The Oldest Joke in The World

Turns out the oldest joke in the world, is a fart joke (BBC: Flatulence Joke is World’s Oldest: “Something which has never occurred since time immemorial; a young woman did not fart in her husband’s lap,” goes the joke). And it’s pretty old: 1900 B.C., based upon the work of a three-month long effort from researchers at Wolverhampton University.

And while we’re at it, Britain’s oldest joke is a thousand-year old double entendre :  “They found the wry observation in the Codex Exoniensis, a 10th century book of Anglo-Saxon poetry held at Exeter Cathedral. It reads: “What hangs at a man’s thigh and wants to poke the hole that it’s often poked before?’ Answer: A key” (The Telegraph: “The World’s Oldest Jokes Revealed By University Research).

There’s even an entire Wikipedia entry devoted to the subject of the history of fart humor (#History of Flatulence Humor), which in itself was weirdly, compellingly informative. I was contemplating going more into why exactly it is that we find those sorts of things funny. But, there’s only so many times I could bring myself to write the word “fart” in a single blog post (14 times, it seems). And, this concluding thought from The Telegraph pretty much sums it up: “The delivery may be different, but the subject matter hasn’t changed a bit.”

The history of farts in literature and cultural history is certainly well-established: Aristophanes’ The Clouds; “The Historic Fart” in Tales From One Thousand and One Nights; Benjamin Franklin’s “Fart Proudly”; to Samuel Beckett’s Molloy, and yeah, that James Joyce thing, too. And here’s the best rundown of Shakespeare fart jokes you’ll find on the Internet, from the shakesyear blog.

The first thing that comes to mind when I think of “oldest” and “fart joke” is always “The Miller’s Tale” in The Canterbury Tales.

And up the window did he hastily,
And out his erse he put full privily
Over the buttock, to the haunche bone.
And therewith spake this clerk, this Absolon,
“Speak, sweete bird, I know not where thou art.”
This Nicholas anon let fly a fart,
As great as it had been a thunder dent*; (*peal, clap)
That with the stroke he was well nigh y-blent*; (*blinded)
But he was ready with his iron hot,
And Nicholas amid the erse he smote.”

Even Chaucer thought farts were funny.

Not to mention that farts seem to be as funny and more monetizable than at any other time in the history of human existence, which is kind of sad (see: Wired — “iPhone Fart App Rakes in $10,000 a Day“).
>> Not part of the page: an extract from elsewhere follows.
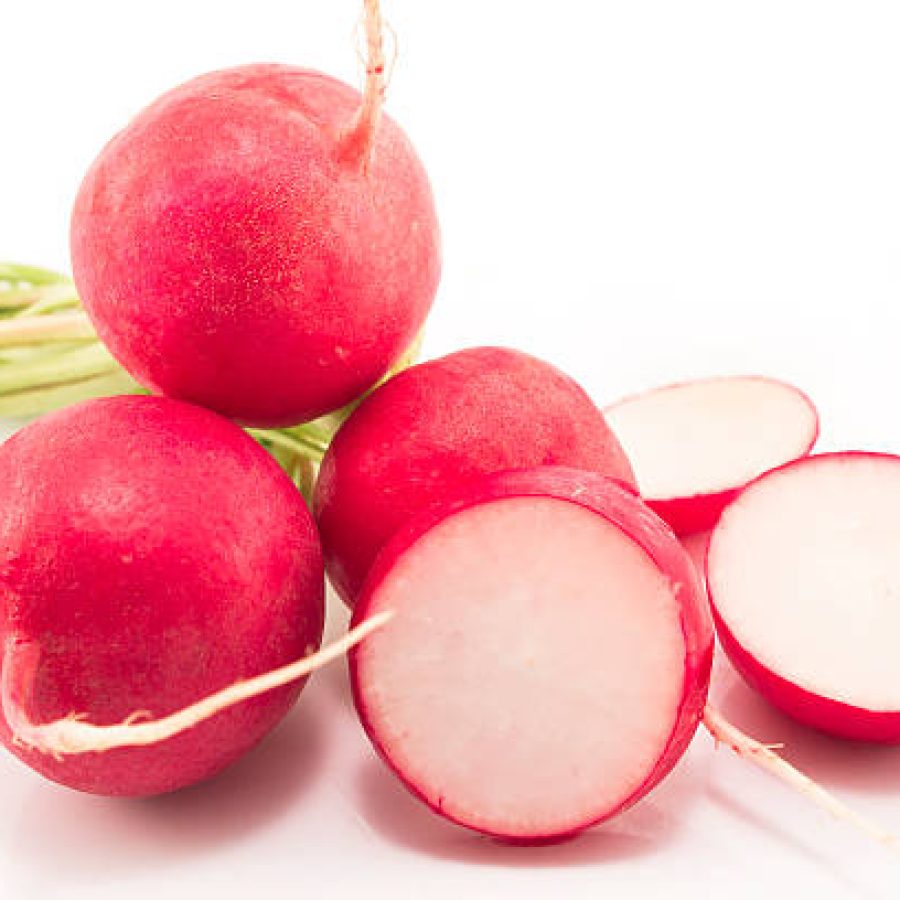 Radishes close-up isolated on white.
Absolutely incredible. Well, at least all of this prompted my favorite Apple quote ever, the “we” hopefully most likely intended to speak for all of humanity: “We have over 250,000 apps in the App Store. We don’t need any more Fart apps.”

 

As a somewhat-related piece of trivia, that old favorite, “Why did the chicken cross the road?” isn’t as old as I would’ve thought – 1847, with origins apparently traced back to a riddle printed in a New York magazine.